Dandeneau admits she was devastated when she realized her stand-up career was over.
“It was a pretty tough blow,” she said. “Sports, especially basketball, had always been my number-one passion. I put a lot of my life into it.”
But she found a new lease on life in wheelchair basketball.
“Getting the opportunity to compete at a high level again, I can’t even explain how awesome that was. It was a huge turning point.
‘’It made me so happy to compete again and for Team Canada on top of that. It’s had a fantastic effect on my life.”
After the tryout, she attended a Team BC camp in Vancouver and was invited to join the squad for the national championships.
“I thought I was terrible, but I trained with them and it was at nationals that I talked to a Team Canada coach. He suggested I get involved in the national team pool. From there it snowballed.’’
The five-foot-nine Dandeneau learned that mastering the sport would be a career-long experience.
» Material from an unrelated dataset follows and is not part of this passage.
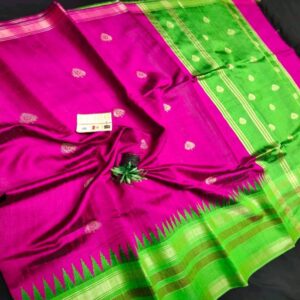 Pure Raw Silk with Temple Border - Image 2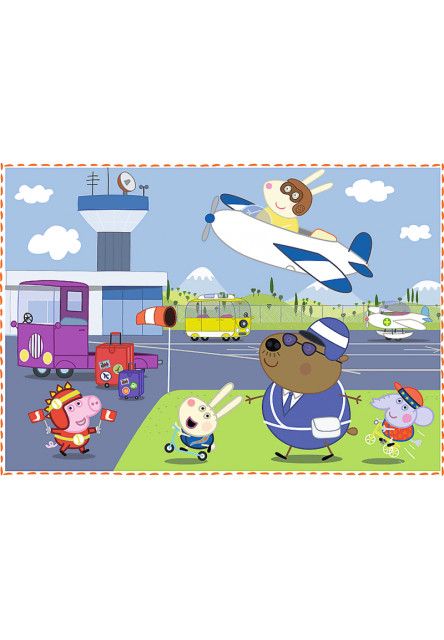 Trefl Puzzle 4v1 - Spomienka na prázdniny / Peppa Pig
There is a piece of equipment she must manage, and different muscles are prioritized in the wheelchair game.
‘’Just learning to work the chair, not falling off, turning around, basically I have to work this machine,’’ she said. ‘’They say it takes five years to master the chair and now I’m at three and a half. I’m a bit better than when I started.
‘’It’s also a complete upper body sport. You’re busting down the court and when it’s time to pass or shoot you can hardly feel your arms anymore.’’
In her national team debut in 2017, Dandeneau helped Canada to gold at the Americas Cup and a year later to the fifth spot at the world championships. Now the next big event is the Parapan American Games in Lima.
The Canadian women need a top-two finish to qualify for the 2020 Paralympic Games in Tokyo.
‘’We’ve been doing a lot of work developing team chemistry,’’ she said. ‘’Don’t be stagnant, don’t be hesitant. We’ve got that attitude now. It’s all about the team.’’
When times do get tough, Dandeneau will surely remember wise words from her first coach.
‘’When I get frustrated, I get his voice in the back in my head,’’ Dandeneau said. ‘’Tim so’s straight about it. He’ll say, ‘don’t do that’. He’s such a great coach. I was lucky to have him impact me.”